The data |
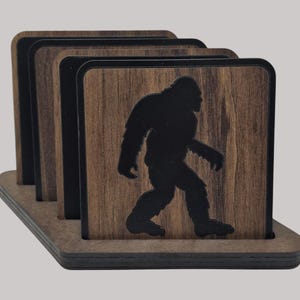 May include: Set of four brown wooden coasters with a black silhouette of Bigfoot walking. The coasters are in a holder made of the same wood.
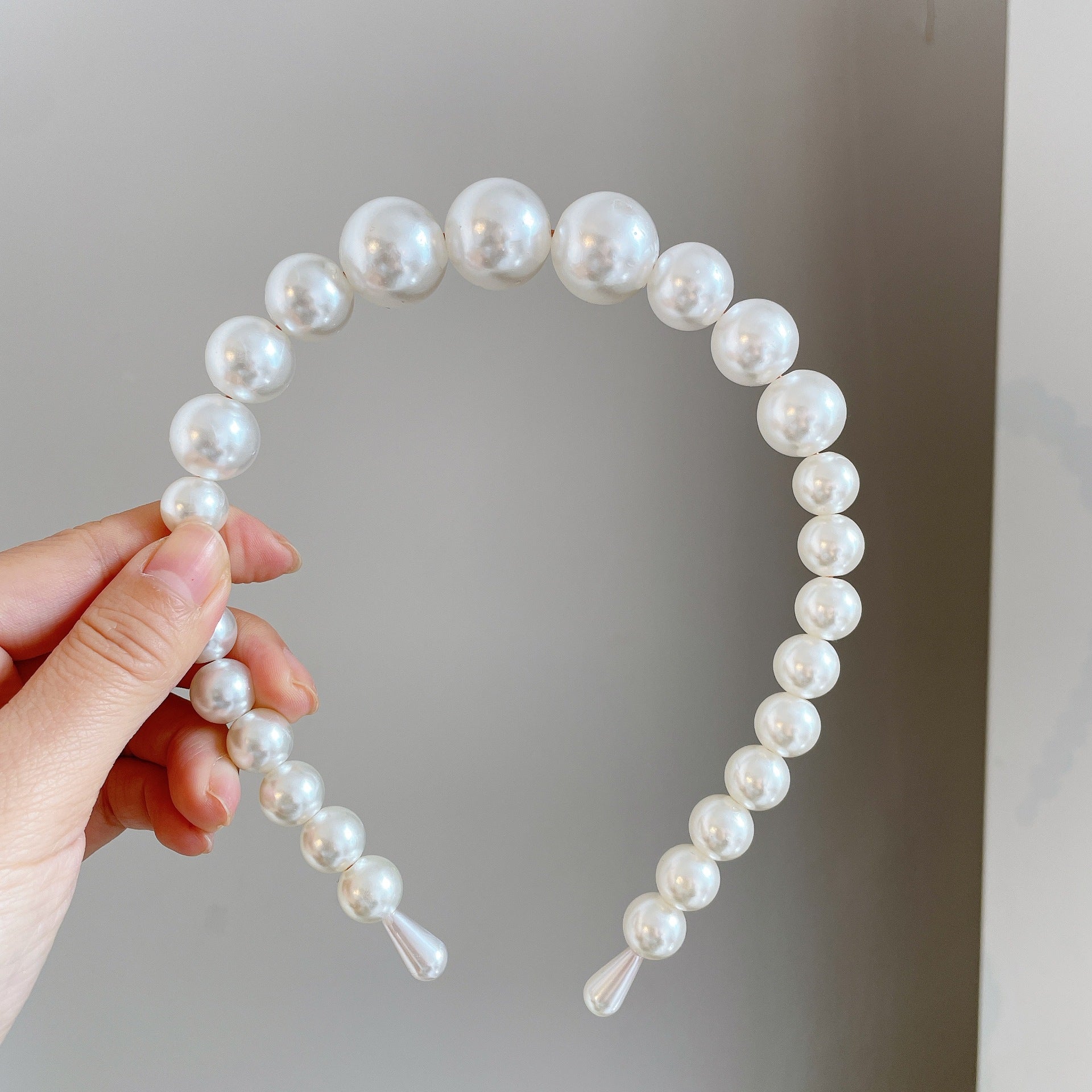 Damen Haarband mit eleganten Perlenakzenten Shop Nory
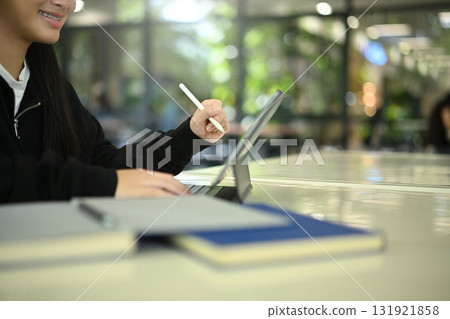 Close-up view of young female student working on digital tablet for homework or virtual class 131921858
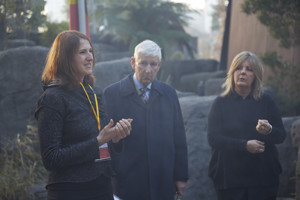 Three people standing in a group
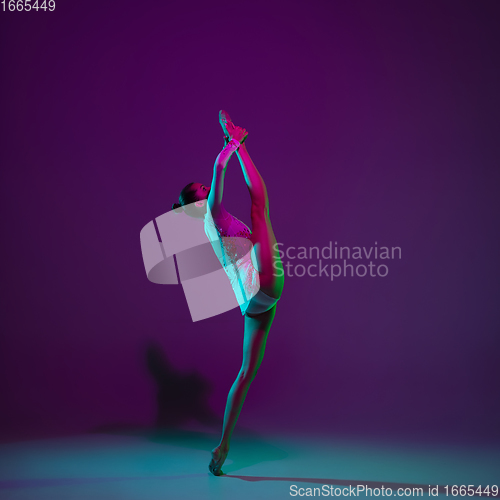 Image of Young female athlete, rhythmic gymnastics artist on purple background with neon light. Beautiful girl practicing with equipment. Grace in performance.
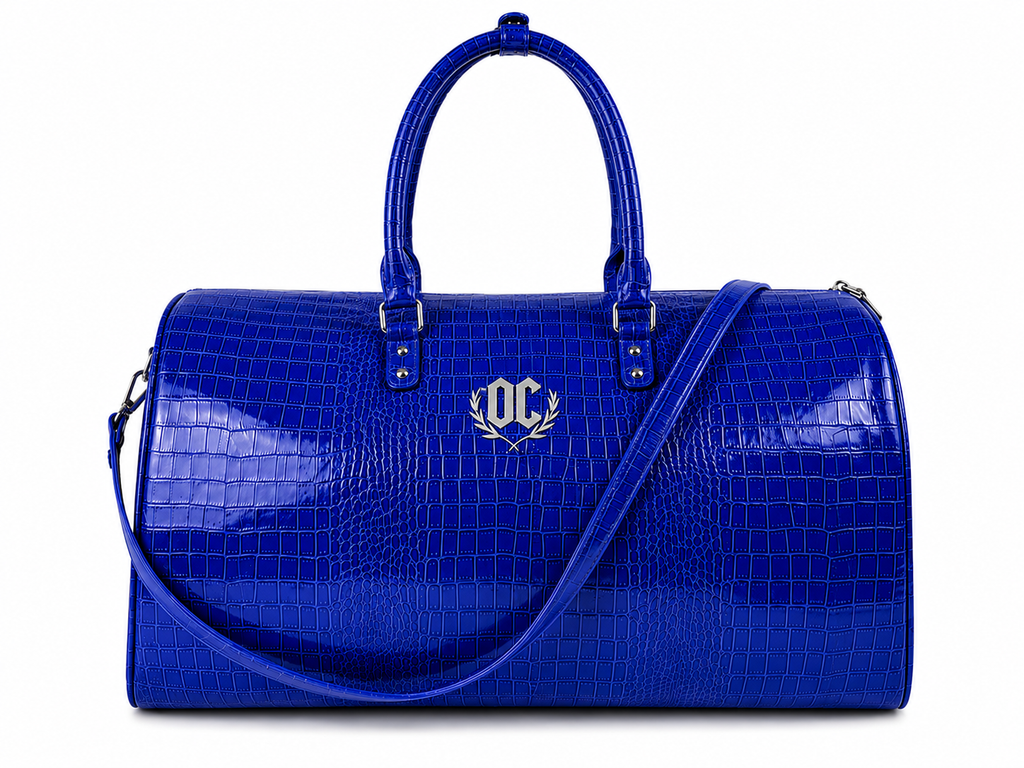 Royal duffel bag made from dyed royal blue crocodile leather for durable and stylish travel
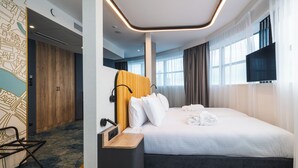A hotel room with a bed, a wooden headboard, a flat-screen TV, and a large window with curtains. - Focus Hotel Premium Wrocław (Wroclaw)
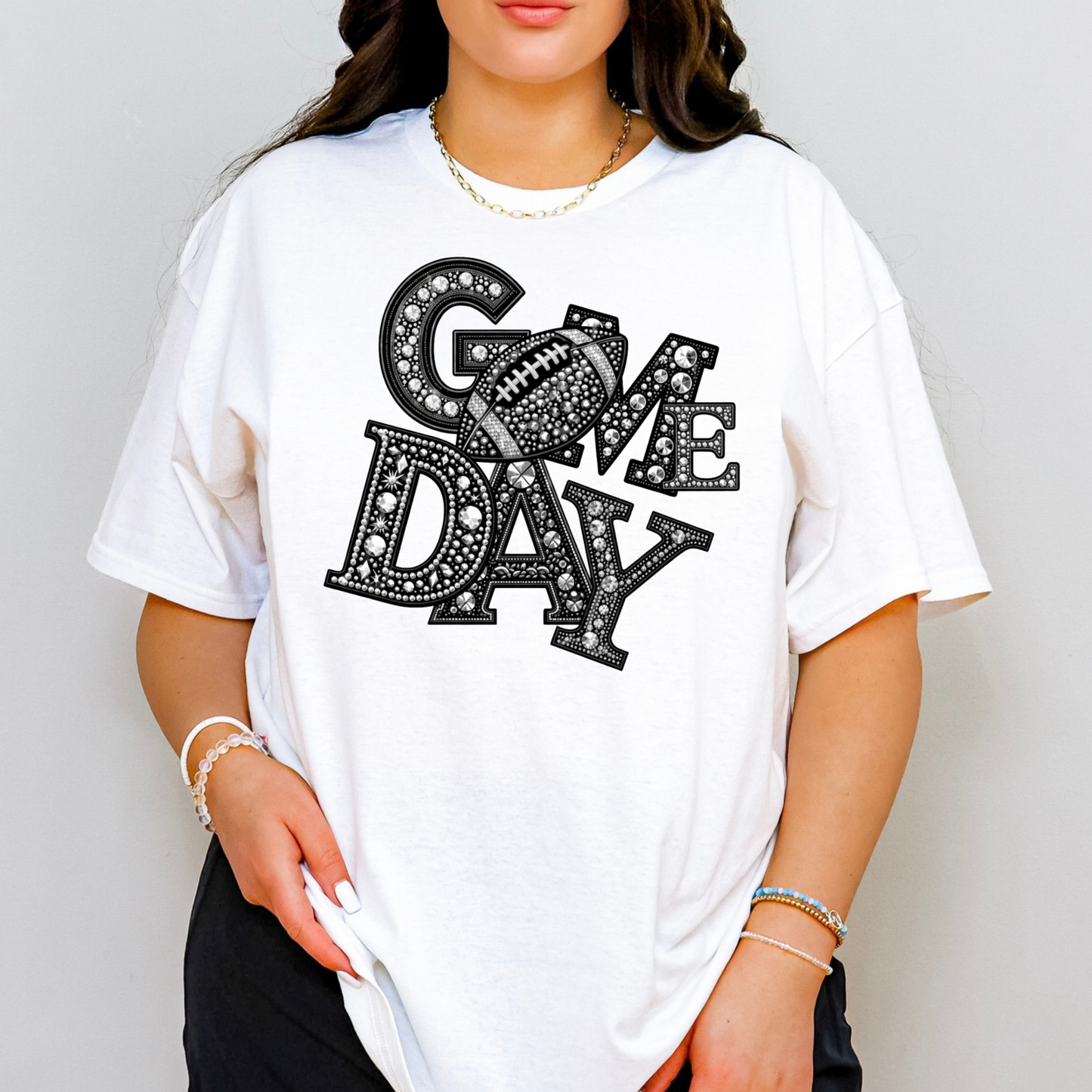 A woman wearing an oversized white graphic T-shirt with the words 'GAME DAY' in black letters filled with rhinestone-like patterns. The photo is cropped from the lower face to the hips against a plain light gray background.
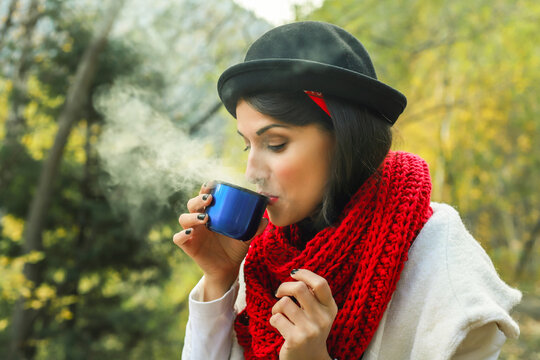 A woman in a white coat, crochet Red scarf and black hat holds a cup in her hands. Tea party in nature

Work to complete | Omit the pictures, then repeat exactly each line from the beginning of the listing through the line with "A hotel room".

Response below |
 May include: Set of four brown wooden coasters with a black silhouette of Bigfoot walking. The coasters are in a holder made of the same wood.
 Damen Haarband mit eleganten Perlenakzenten Shop Nory
 Close-up view of young female student working on digital tablet for homework or virtual class 131921858
 Three people standing in a group
 Image of Young female athlete, rhythmic gymnastics artist on purple background with neon light. Beautiful girl practicing with equipment. Grace in performance.
 Royal duffel bag made from dyed royal blue crocodile leather for durable and stylish travel
A hotel room with a bed, a wooden headboard, a flat-screen TV, and a large window with curtains. - Focus Hotel Premium Wrocław (Wroclaw)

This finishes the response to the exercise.